R: Ich weiß immer noch nicht, ob die besten Männer für diese Art Job diejenigen sind, die ihn mit Leidenschaft erledigen, oder jene, die mit kühlem Kopf handeln. Manche sind voller Hass gegen unsere Feinde und empfinden geradezu persönliche Genugtuung, wenn wir sie erledigt haben. Sicher arbeiten sie sehr hart. Sie sind anders, nicht wahr? Sie sehen das wie ein Schachspiel, ohne Gefühl für die eine oder andere Seite. Ich werde daraus nicht ganz schlau. Aber bei manchen Jobs ist es genau dies, was man braucht.
A: Antwortet nicht, zahlt die Rechnung.

In der globalen Mediengesellschaft haben Sichtweisen auf Konfliktparteien, wie die von „Ashenden“ zitierten, stark an Gewicht gewonnen.

Israel wird nicht allzu viel auf die Demonstrationen in europäischen Ländern geben. Allerdings ist das Israel-Bild in den USA für die politischen Kräfte Israels sehr wichtig.

Wenn die Kampfeinsätze Israels maßlos hohe Opferzahlen unter der Zivilbevölkerung Gazas fordern, könnte der „moral highground“ in den USA bröckeln, auf dem sich das von der Hamas mit vielen Hundert Raketen angegriffene Israel bisher zu Recht sieht.

Eugene Robinson schreibt: „Die Zahl ziviler Todesopfer in Gaza als Folge israelischen Eingreifens ist erschreckend. Das Recht auf Selbstverteidigung ist unveräußerlich, aber nicht frei von moralischen Grenzen … Ich unterstütze Israel. Ich verabscheue Hamas. Aber solch vernichtende Feuerkraft zu entfesseln gegen eine kleine, dicht bevölkerte Enklave, in der die Menschen gefangen und deshalb verurteilt sind, Opfer zu werden, ist nach jedem vernünftigen moralischen Maßstab falsch.“ *6)

Gefährlich ist auch die Lage in Israel selbst.

Ariel Ilan Roth kommt zu dem Ergebnis: „Zwei Dinge sind gewiss. Erstens, Israel wird einen taktischen Sieg beanspruchen können. Zweitens, wird es eine strategische Niederlage hinzunehmen haben … Hamas‘ strategisches Ziel ist, Israels Gefühl für Normalität zu erschüttern … Obwohl die (daraus resultierenden, RS) internen Spannungen Israel nicht auf die Knie bringen werden, ist jede Erosion israelischer Macht – auch eine Erosion des Willens seiner Menschen, sich gegen die Angriffe zu behaupten – ein Sieg für Hamas.“ *7)

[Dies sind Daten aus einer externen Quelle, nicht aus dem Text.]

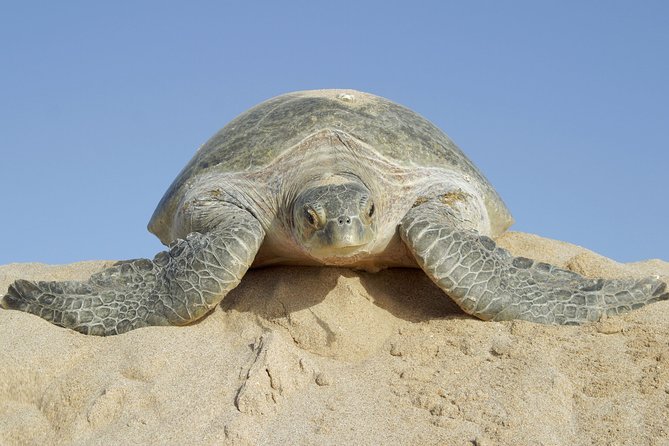 5 Days Jewels Of Oman Package - Wadi Bani Khalid and a night among the dunes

Folgt man Ariel I. Roths Analyse, müsse Israel drei Voraussetzungen erfüllen, um die Herausforderungen durch seine Feinde erfolgreich zu bestehen:

Erstens, ständig bewaffnet und einsatzbereit sein und zugleich humane und angemessene Entscheidungen treffen, um Israels Sicherheit zu erhalten. Zweitens, Israels Attraktivität als strategischer und wirtschaftlicher Partner der Nationen des Westens vertiefen. Und, drittens, langfristig den inneren sozialen Zusammenhalt des Landes festigen.

Im Dienste dieser drei strategischen Ziele sollte Deutschlands Politik gegenüber dem Partnerland Israel herausragende Beiträge leisten. Eingedenk der deutschen historischen Verantwortung für den Staat Israel und für den Frieden in dieser Nachbarschaftsregion Europas.

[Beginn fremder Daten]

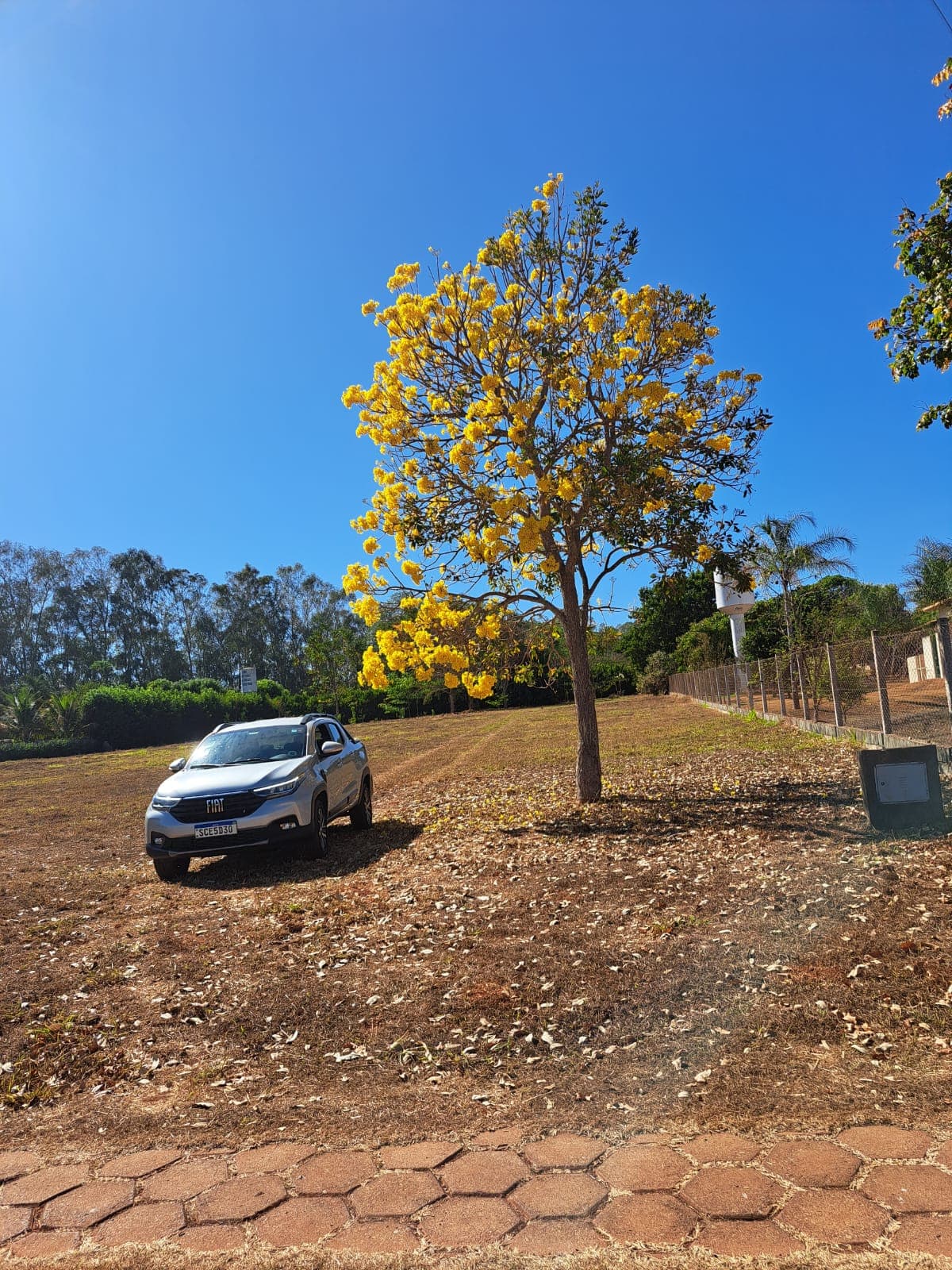 Área no Sitio de Recreio Paraiso Tropical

*1) Einer der unbeliebtesten Staaten. Kritik oder Antisemitismus: Warum hassen so viele Deutsche Israel? Samstag, 12.07.2014, von FOCUS-Online-Experte Michael Wolffsohn (Historiker).

*2) STIMME ERHEBEN. Nie wieder Judenhass! bild.de, 25.07.2014.

*3) Michael Wolffsohn, Israel. Gastkommentar: Trugbilder des Gaza-Krieges; http://www.dw.de/gastkommentar, 22.07.2014.

*4) Military Analyst: Israel Not Reading Hamas Correctly, for Terror Group This is a „War of Independence“, Author: Deborah Danan, www.algemeiner.com/2014/07/24/ (Übertragung RS).

*5) W. Somerset Maugham, Giulia Lazzari, in: Collected Short Stories, Vol. 3. Pan Books, 4th Printing 1978, S. 90 ff. (Übertr. RS). Die Ashenden-Stories sollen zur Pflichtlektüre britischer Anwärter für den diplomatischen Dienst gehören.

*6) Opinions. Israel is acting as if it is free of moral responsibilities. By Eugene Robinson; www.washingtonpost.com/opinions/; July 24, 2014. (Übertr. RS).

*7) How Hamas Won. Israel’s Tactical Success and Strategic Failure. By Ariel Ilan Roth; www.foreignaffairs.com/; July 20, 2014. (Übertr. RS).